START Exercise inputs
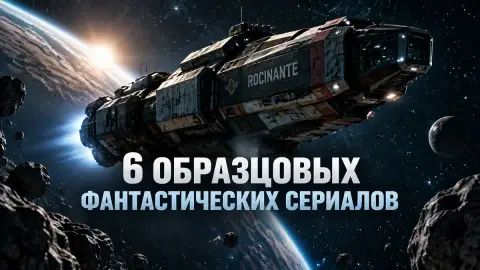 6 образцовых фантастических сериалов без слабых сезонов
END Exercise inputs
START Exercise inputs
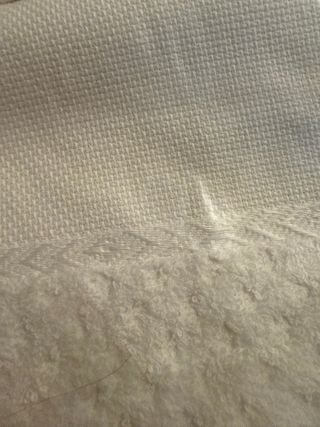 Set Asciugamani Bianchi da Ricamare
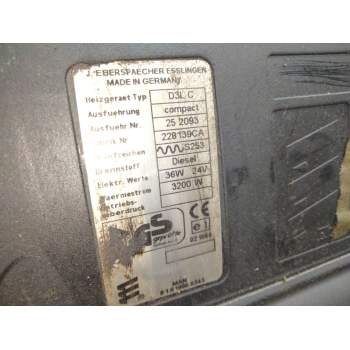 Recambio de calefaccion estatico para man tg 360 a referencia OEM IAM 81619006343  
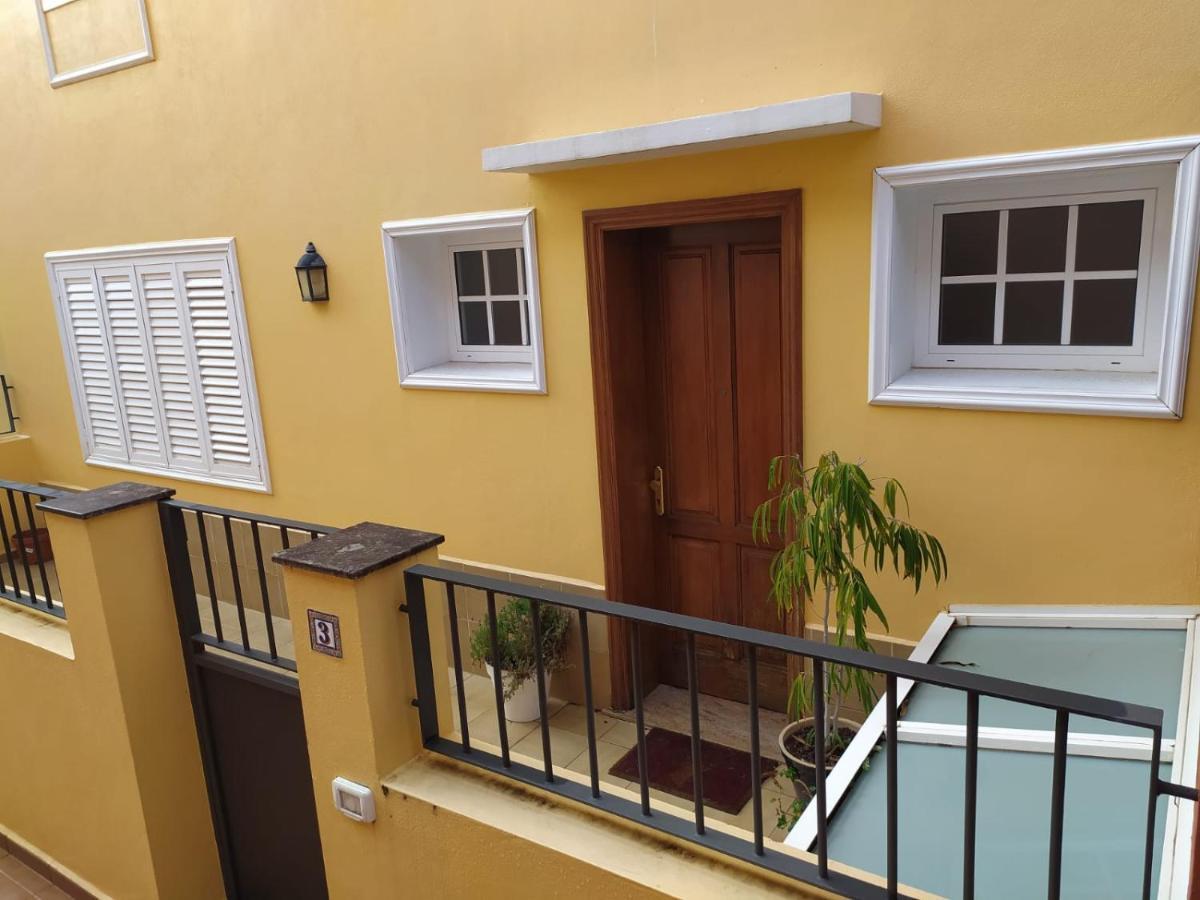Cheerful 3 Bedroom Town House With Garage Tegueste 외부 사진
END Exercise inputs
### Goal of the exercise
From the records above, give again only the part that opens with the line containing "Set Asciugamani Bianchi da Ricamare" and closes with the line containing "Cheerful 3 Bedroom". Keep both ends but drop the pictures.

### Solution for this exercise
 Set Asciugamani Bianchi da Ricamare
 Recambio de calefaccion estatico para man tg 360 a referencia OEM IAM 81619006343  
Cheerful 3 Bedroom Town House With Garage Tegueste 외부 사진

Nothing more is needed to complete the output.